┏━━

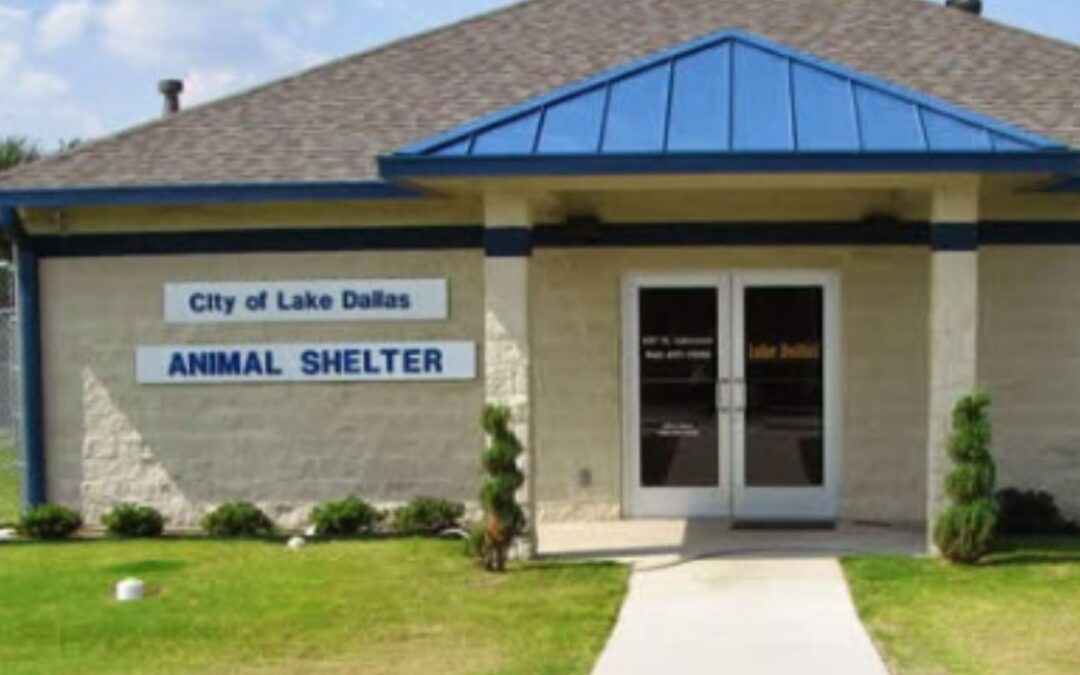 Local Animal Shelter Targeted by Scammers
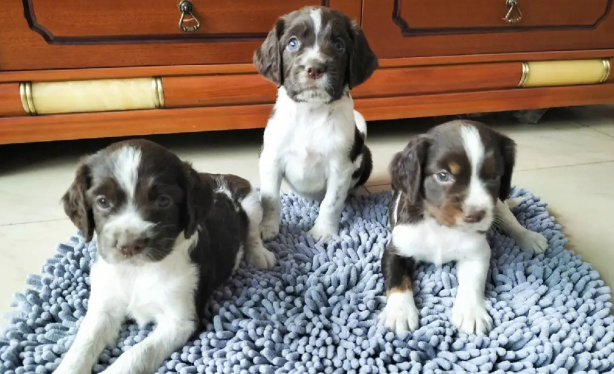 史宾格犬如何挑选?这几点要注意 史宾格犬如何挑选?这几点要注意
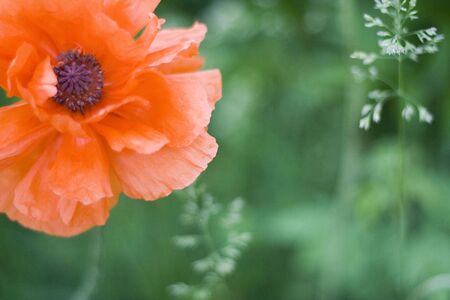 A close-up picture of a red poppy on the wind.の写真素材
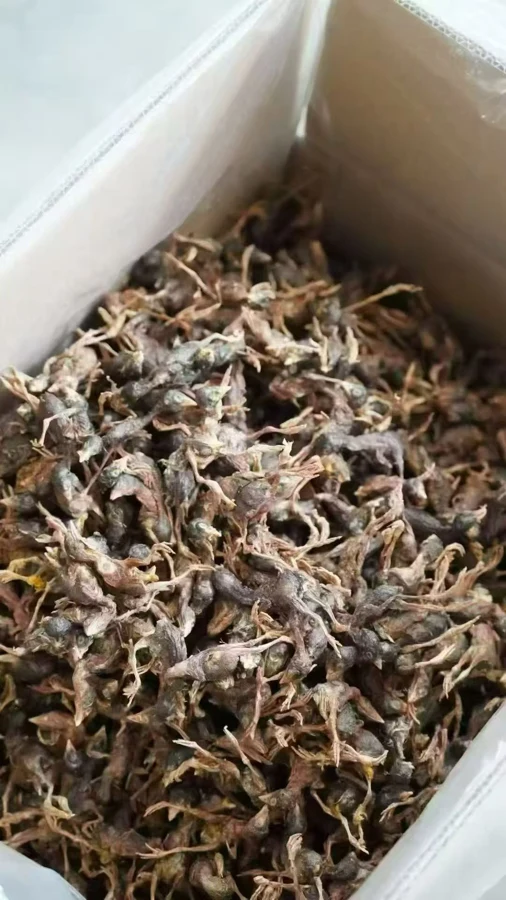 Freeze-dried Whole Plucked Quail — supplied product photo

┗━━
┏━━

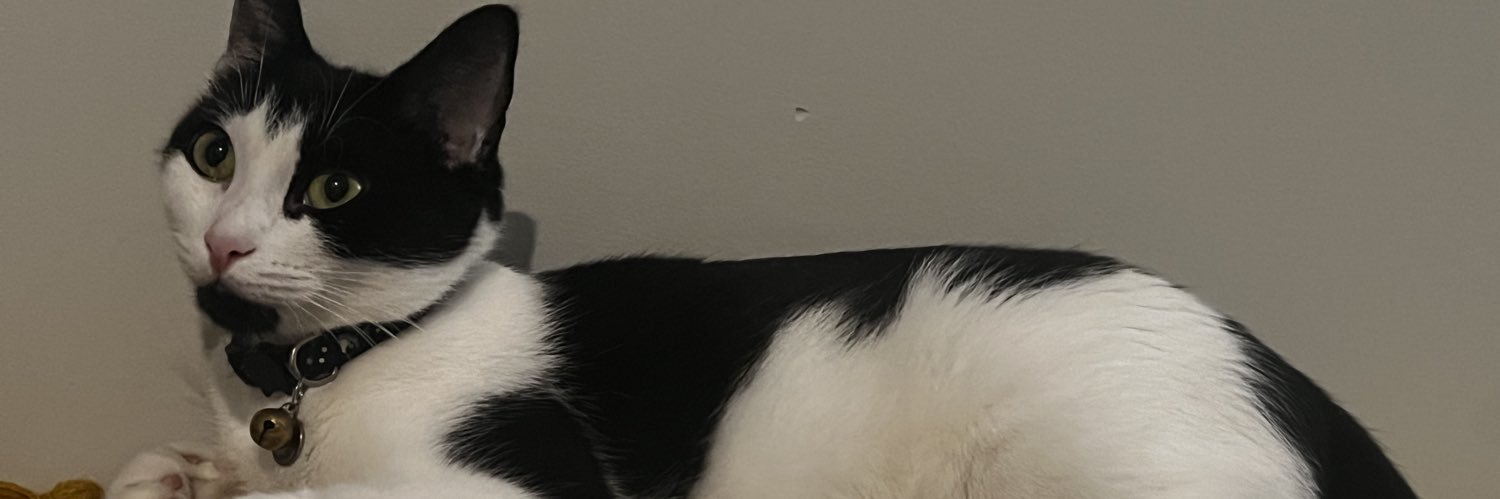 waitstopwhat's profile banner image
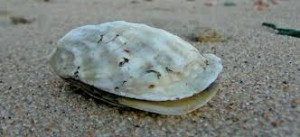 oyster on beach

┗━━

● Work item
From the material above, give again exactly the lines from the one that contains "waitstopwhat's profile banner image" through the one that contains "oyster on beach", and leave out the pictures.

● Answer box
 waitstopwhat's profile banner image
 oyster on beach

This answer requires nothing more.